Direct Detection of Clostridium difficile Toxin B Gene by Nested PCR in Human Stool Specimens.
- Author:
Hee Kyung PARK
1
;
Young Mi LEE
;
Hyun Jung JANG
;
Cheol Min KIM
;
Kyungwon LEE
;
Seok Hoon JEONG
;
Mooin PARK
Author Information
1. Institute for Biomedical Research, SJ Hightech Co., Korea.

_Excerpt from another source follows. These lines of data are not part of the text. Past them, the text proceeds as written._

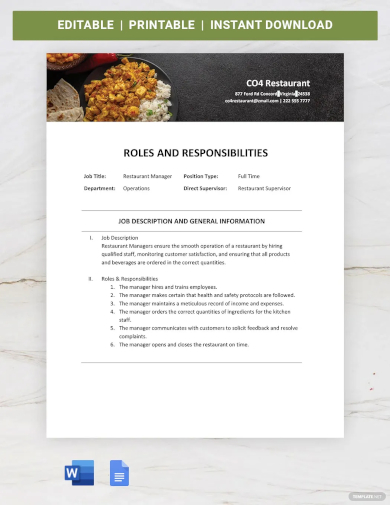 free manager roles and responsibilities template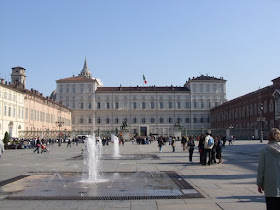 Turin's Palazzo Reale on sunny Piazza Castello
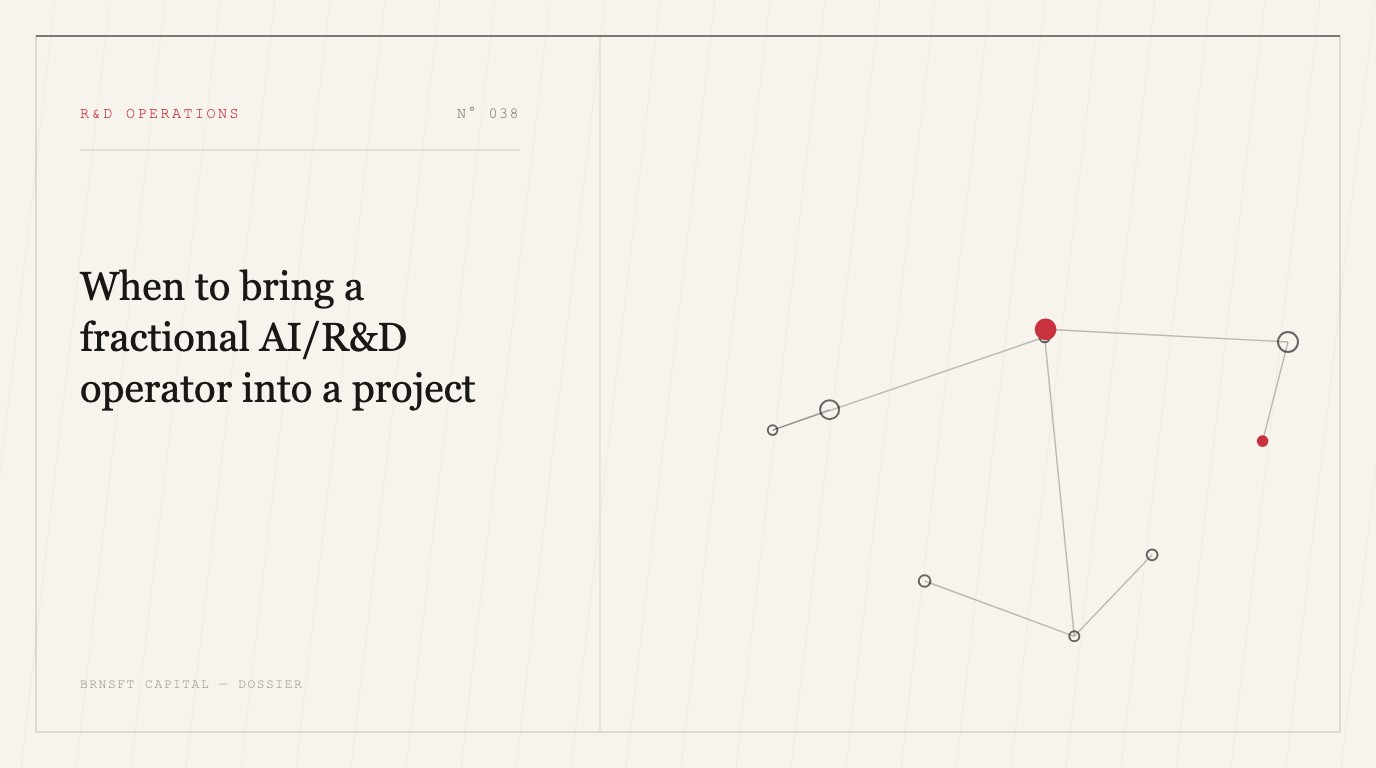 When to bring a fractional AI/R&D operator into a project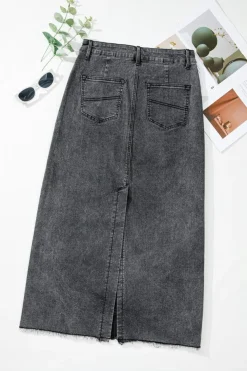 Clearance Dear-Lover Denim Raw Hem Back Split High Waist Long Skirt Dark Grey
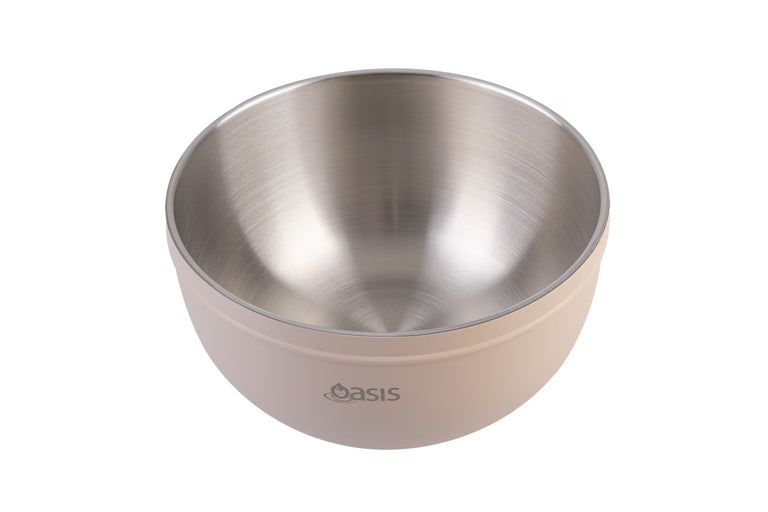 Oasis Stainless Steel Double Wall Salad Bowl Oat 2.8L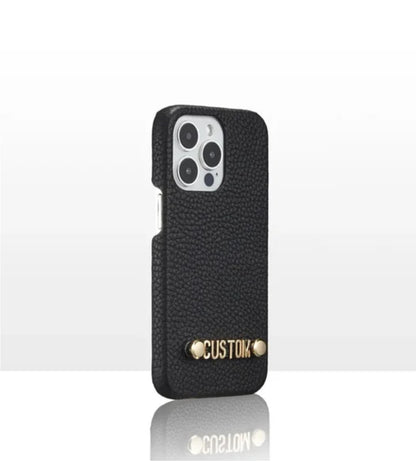 New Willow Custom Name Pebble Grained Leather Case with Carry Strap
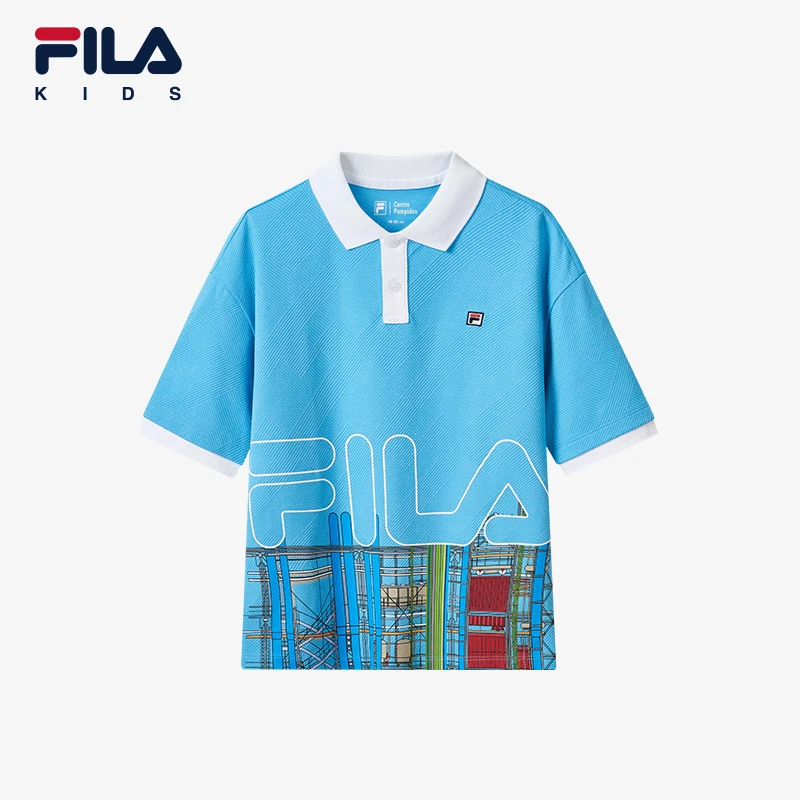 FILA/斐乐儿童男大童短袖蓬皮杜中心联名POLO衫潮流夏K12B434101F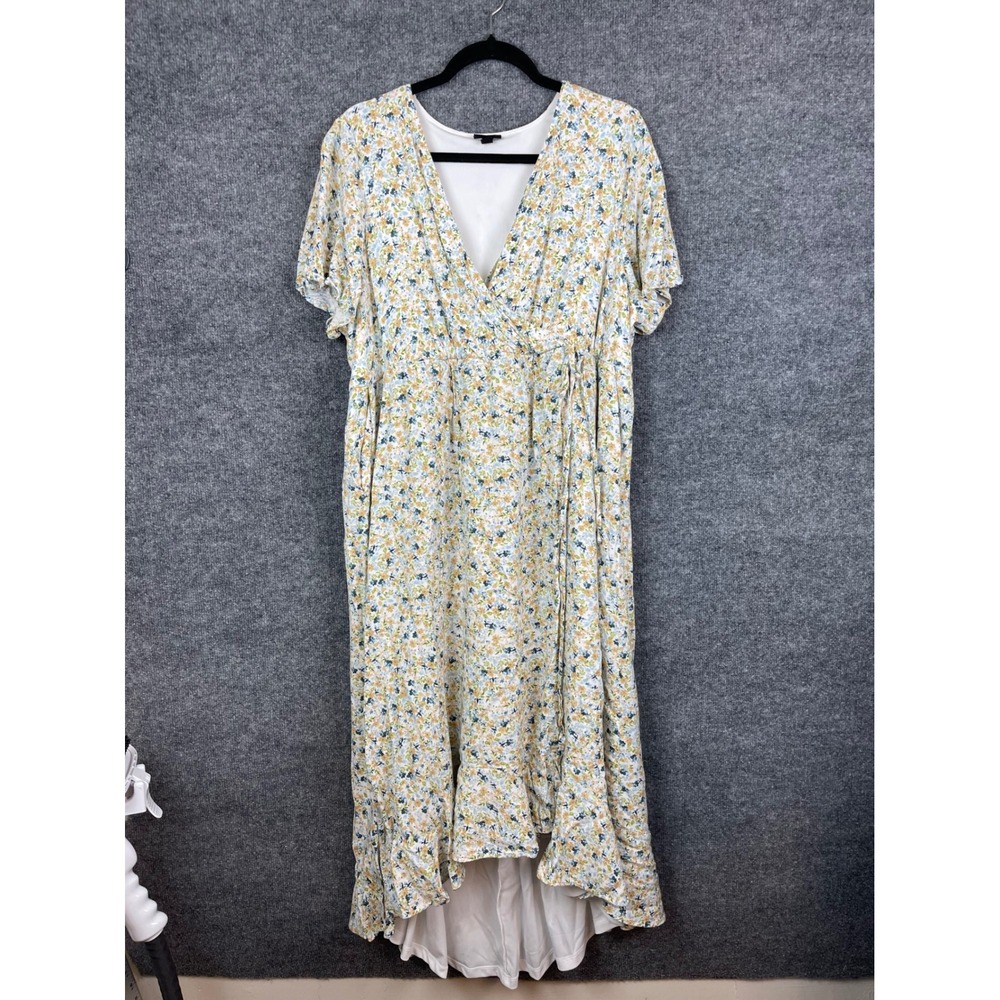 Torrid Maxi Dress Women's 2 White Floral Faux Wrap High Low Ruffle - Picture 1 of 11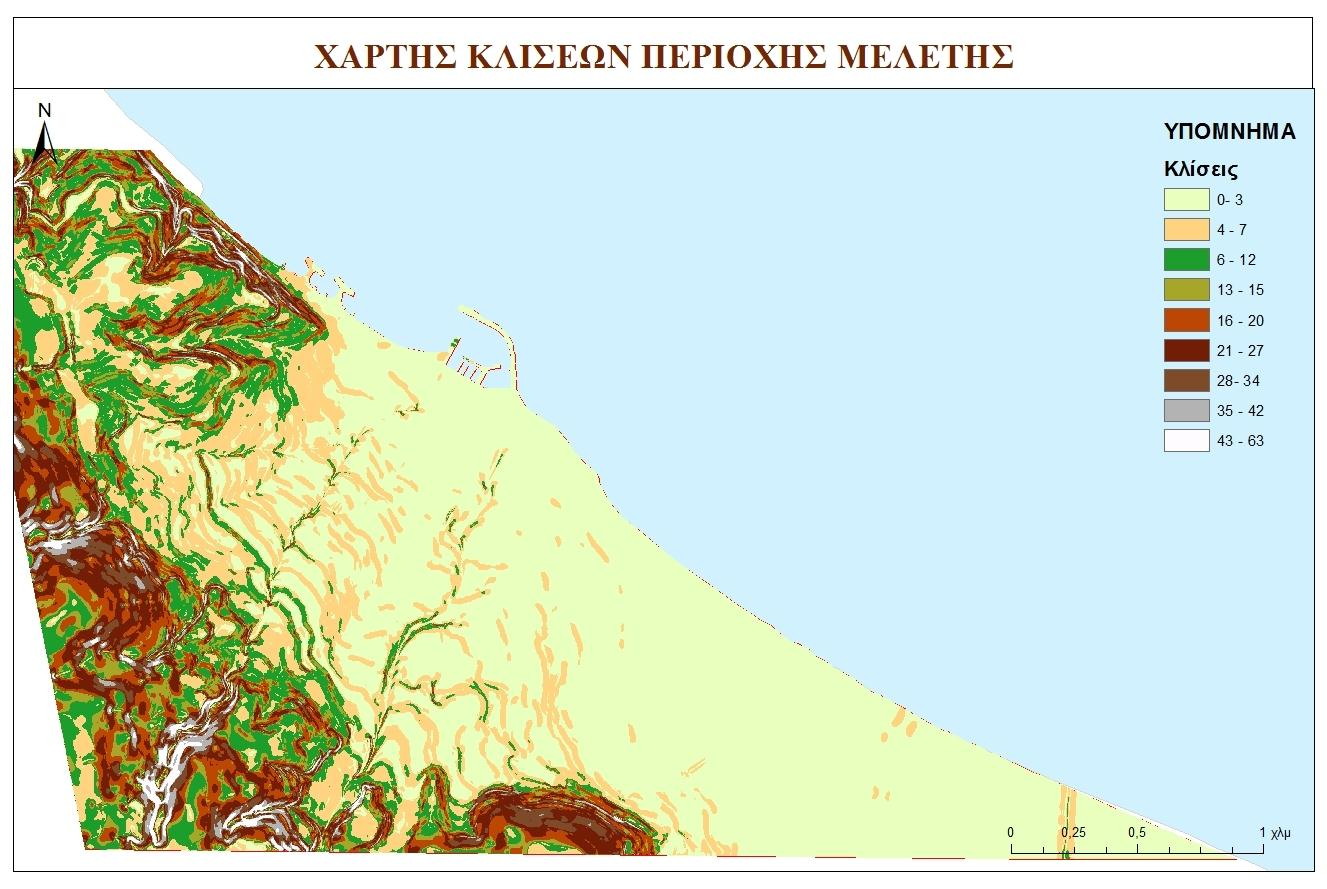 Εικόνα 7.2 : Απεικόνιση των κλίσεων της περιοχής μελέτης Πηγή: Ιδία επεξεργασία Το πρώτο μοντέλο προέρχεται από την 4η Έκθεση της IPCC και το δεύτερο από την 5η Έκθεση της IPCC.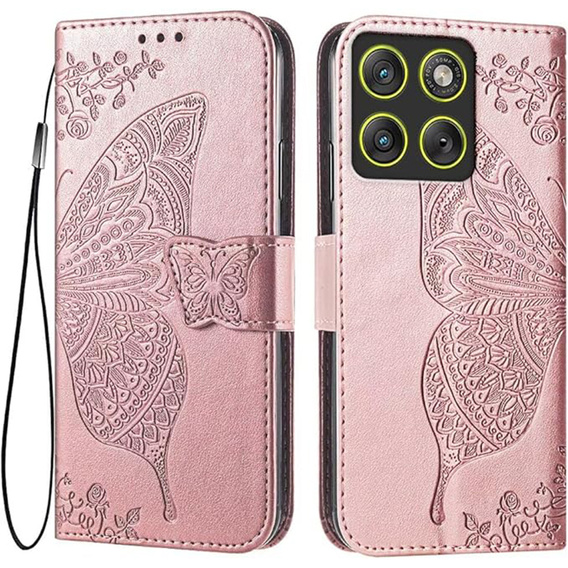 Etui z klapką do Motorola Edge 70, Butterfly, różowe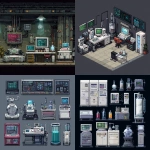 **pixel art spritesheet of high tech lab for a side scrolling game --v 7.0** - <@758874491680981014> (fast)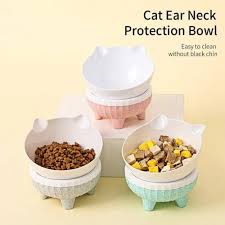 Comedero Ergonómico Elevado e Inclinado con Diseño de Orejitas de Gato
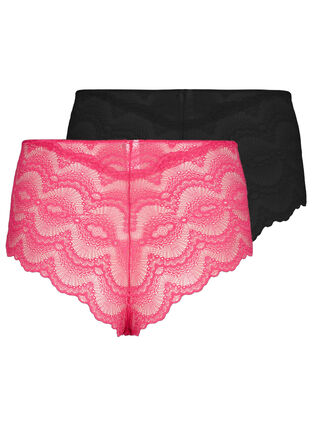 2 pack hipster panties in lace quality, Love Potion/Black, Packshot image number 1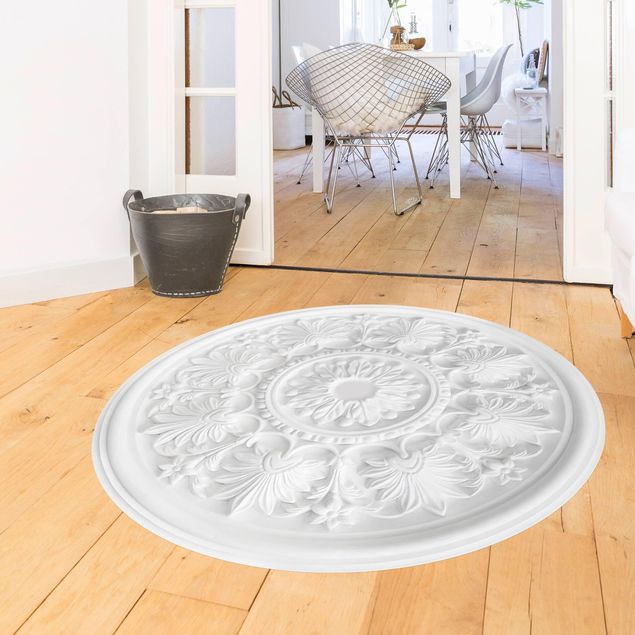 Moderne Teppiche Weißer Stuck im Kreis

- Publication Type:Original Article
- Keywords:
Clostridium difficile;
nested PCR;
Toxin B
- MeSH:
Agar;
Clostridium difficile*;
Clostridium*;
Diagnosis;
Diarrhea;
Enterocolitis, Pseudomembranous;
Follow-Up Studies;
Fructose;
Humans*;
Limit of Detection;
Metronidazole;
Polymerase Chain Reaction*;
Sensitivity and Specificity
- From:Korean Journal of Clinical Microbiology
2003;6(1):63-68
- CountryRepublic of Korea
- Language:Korean
-
Abstract:
BACKGROUND: Clostridium difficile is the major cause of antibiotic-associated diarrhea (AAD) and pseudomembranous colitis (PMC). The aim of this study was to develop the nested PCR assay for direct detection of toxigenic C. difficile in stool specimens and to evaluate the usefulness of the method. METHODS: Specificity of newly designed primers are tested with 36 reference strains of intestinal flora. Lower detection limit of nested PCR for B toxin gene in C. difficile was determined using 10-fold serial dilutions of C. difficile ATCC 9689. One hundred and two clinical stool samples were cultured for detection of C. difficile on cycloserine-cefoxitin- fructose agar and the PCR assay for detection of toxin B gene in C. difficile isolates was performed. Nested PCR assay for direct detection of toxin B gene in clinical samples was also performed. RESULTS: Nested PCR assay showed negative amplification results in intestinal floras except C. difficile ATCC 9689. Lower detection limit of nested PCR for toxin B gene was 10 4 CFU/mL. Sensitivity of nested PCR assay compared to culture method was 100% (29/29), and the specificity was 68% (50/73). CONCLUSION: Nested PCR assay showed high sensitivity in direct detection of toxin B gene in C. difficile isolates even after administration of metronidazole, so the assay could be used in initial diagnosis and follow-up tests of AAD and PMC.